Will the Bay Area economy remain strong in 2017? What’s in store for commercial and residential real estate? How will Trump’s election affect our region? Two local economists weigh in.
Rosen is the chair of UC Berkeley’s Fisher Center for Real Estate and Urban Economics and the Haas Real Estate Group. Rosen has a track record of accurately predicting the end to Bay Area booms. Before the 2000 dot-com bust and the 2008 financial crisis, he forecasted downturns. Earlier this year, he predicted a correction in the Bay Area tech sector is on the way.
How will the Bay Area economy fare in 2017?
The Bay Area economy has had a very strong run here the last couple of years and we’re slowing down. Job creation is slowing by about half. Some of the companies are cutting back their growth, and some are actually laying off people because they are looking for a path to profitability. Obviously Twitter and GoPro are two examples of that.
What does Trump’s election mean for Bay Area real estate and the economy?
He’s got an economic program that’s quite similar to House Speaker Paul Ryan’s and their plan is to cut taxes very substantially for individuals and for corporations. If (Trump and Ryan) succeed in getting that through that will be a big push for new money coming into the economy.

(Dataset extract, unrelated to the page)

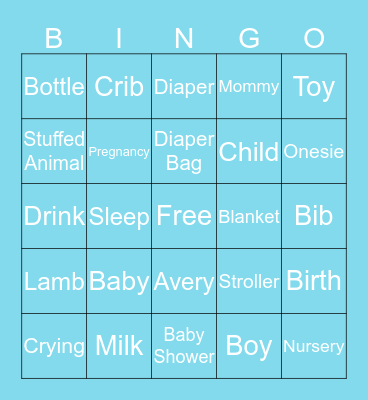 CLAIRE'S BABY BINGO Card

They are talking about infrastructure programs. All of that will add economic growth to the country, but less to the Bay Area because the Bay Area is already growing so fast. We don’t have a lot of excess labor here so we’re going to be constrained a little bit.
The big negative would be their trade policy. If (it) made it harder for us to bring in components that we use in all of our electronics and from Asia, for example, that could raise the cost of those components and raise the cost of goods, which would hurt sales. If they trigger a trade war, which is possible with China or some other places, we could see (China) retaliate by preventing us from selling our goods. We are very susceptible to and dependent on the global network of goods and the supply chain pipeline.

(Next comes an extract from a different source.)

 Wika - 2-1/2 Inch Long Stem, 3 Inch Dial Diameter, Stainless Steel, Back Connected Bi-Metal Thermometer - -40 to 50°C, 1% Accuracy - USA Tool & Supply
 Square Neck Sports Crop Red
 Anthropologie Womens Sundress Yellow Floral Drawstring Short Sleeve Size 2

We’re very dependent on people and so again there’s a plan in place that he’s talked about to deport people, to make it hard to get H-1B visas, EB-5 visas and again the Bay Area is one of the most dependent on the global flow of people and the global flow of the supply chain so we again could be hurt.
Finally, if Trump makes it difficult to do global transactions, some global flow of capital may not come. So the Bay Area is the center of globalization even more than New York and our industries here are the center of globalization.

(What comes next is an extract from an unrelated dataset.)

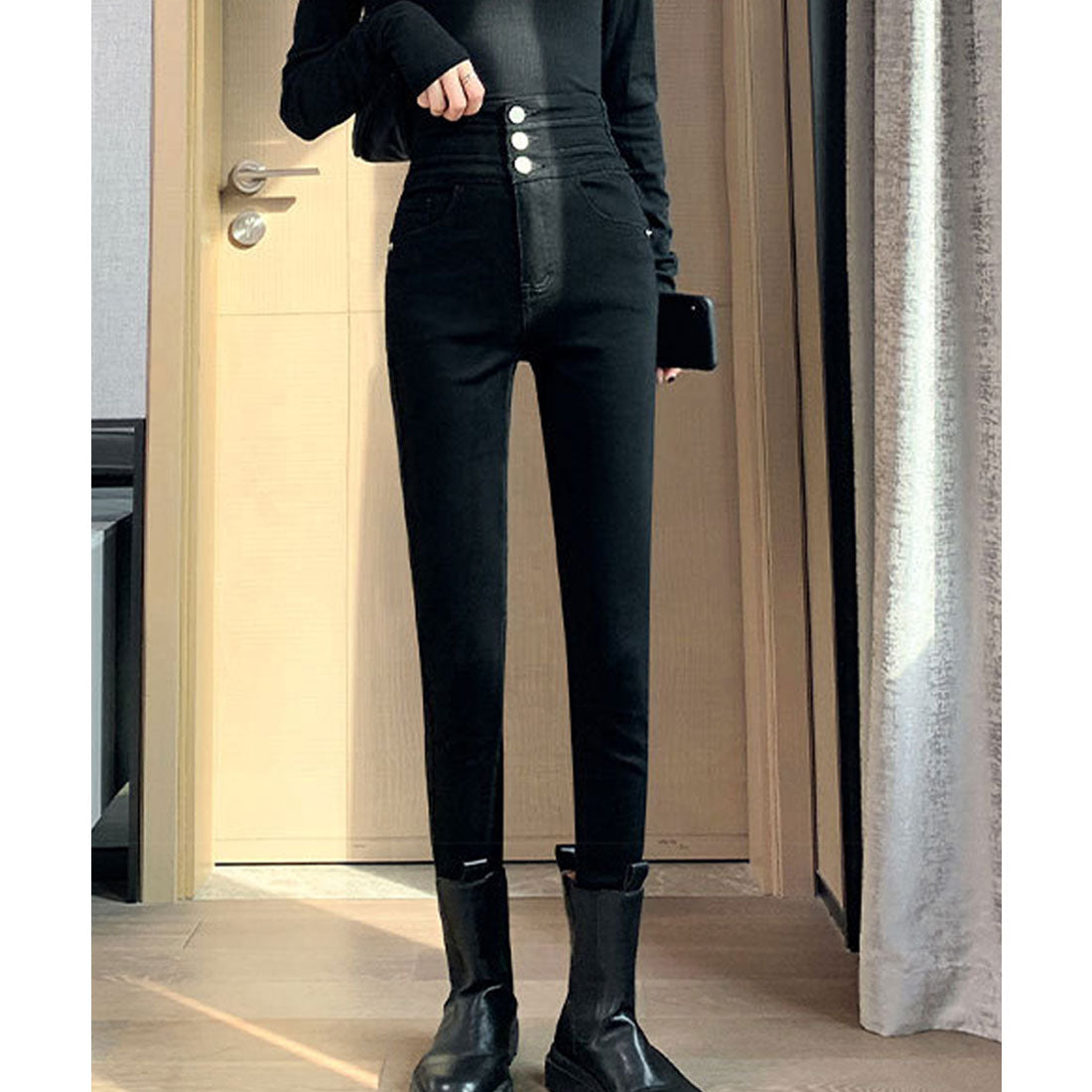 ハイウエスト デニムパンツ 美脚 脚長,ブラック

How will venture funding and growth in the tech sector affect the real estate market?
The new economy accounts for much of our economic growth here. Venture is where a lot of the capital comes from and they’ve still been raising quite a bit of money for new companies and for existing companies. But the day of reckoning is coming. We’ve had a great run here and we would not be surprised to see valuations of some of the unicorns come down.
You predicted in 2014 that we’d see a correction in 2016 or 2017. When do you think we will see one?
I thought the correction would be coming post-election, but the surprise victory of Trump and a set of policies that are stimulative may postpone the correction until 2019 or 2020. All this new federal spending and tax cuts may prolong the recovery two or three more years, creating even stronger activity and then unfortunately a larger correction when it does happen.
How quickly will the flood of office space hitting the S.F. office market next year get absorbed?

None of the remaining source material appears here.